And that might give you a small incremental gain in the probability of producing a better game situation after that play than before that play.
But there's still a certain percentage chance that you'll ask the player to get the bunt down and it won't happen the way you want it to.
down and it won't happen the way you want it to. So I think it's totally not fair to judge somebody just because the decision didn't give you the outcome you're looking for. But I think it is fair
to judge someone on the thought process that went into the decision. And there are times in a game
to be aggressive and there are times in the game to be conservative. And I would want a major league manager to have a very
good feel for when to be aggressive and when, you know, a certain amount of aggressiveness just goes
into the territory of being reckless. And so, yeah, I do think it's fair to judge people on
these decisions. I do hope that most of the time they'll be judged on their overall body of work
and not just on one decision that didn't work out. But I'm absolutely opposed to just assuming that whatever outcome happened on that
play was inevitable and therefore the decision was clearly a mistake. It's generally not the case.

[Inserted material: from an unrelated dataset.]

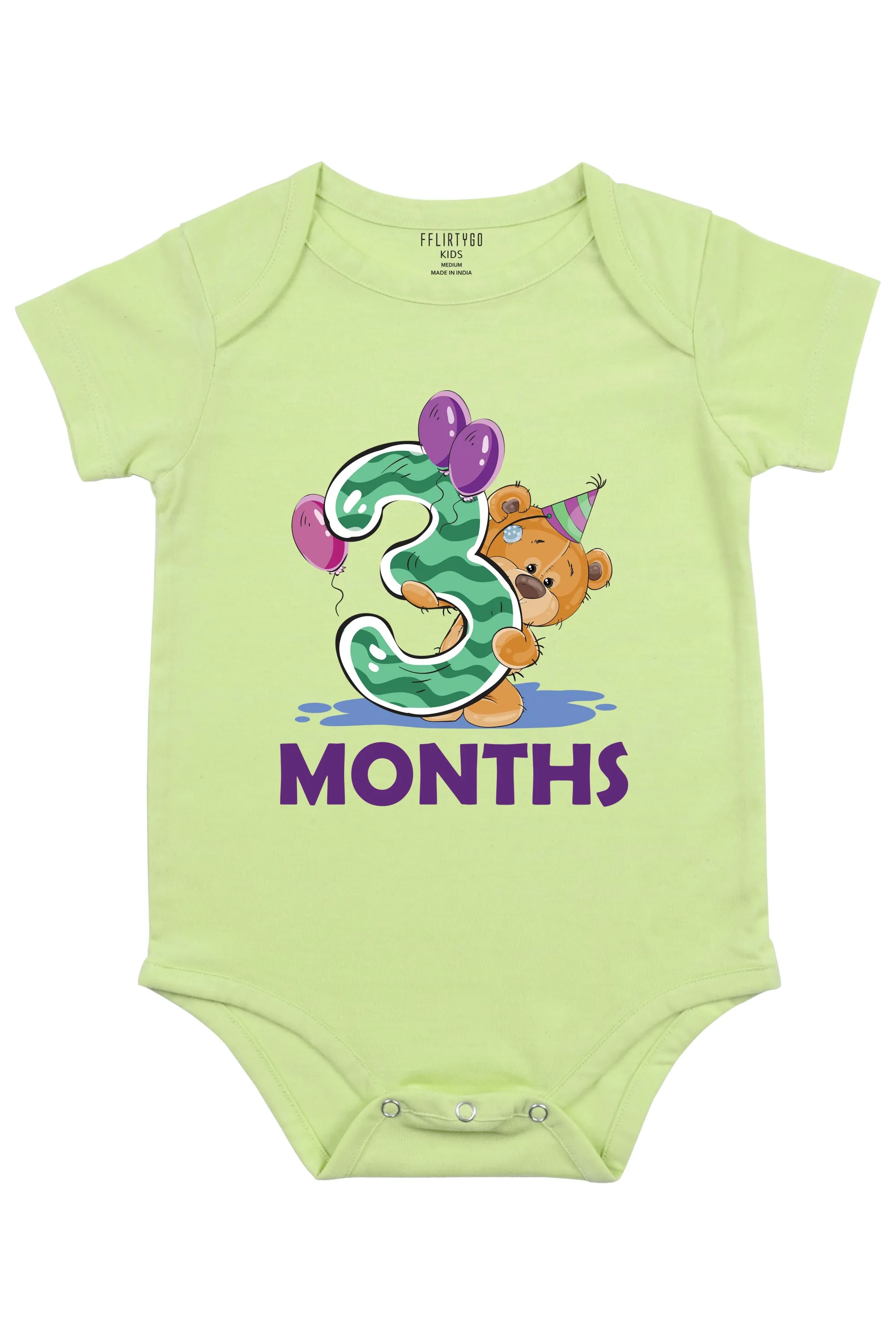 Three Months Milestone - Teddy Baby Romper | Onesies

So you started working more, consulting more for the Red Sox the following year, 2004, which
went a little bit better.
And I'm sure that took some of the sting out of what had happened in 2003.
But you still hadn't revisited that game.
And those memories were still probably pretty painful.
But a few years later, 2006, Nesson comes along and says that they're working on this
special, this what-if program where they want to go back and see what would have happened
if Grady Little had made a different decision and had pulled Pedro
and put Embry in or made some move to the bullpen,
and they came to you and you were still working with Diamond Mind at the time,
and you, I guess, reluctantly at first decided to help with this project
and revisited that game and kind of came to a different conclusion, slightly at least, than you had the first time around.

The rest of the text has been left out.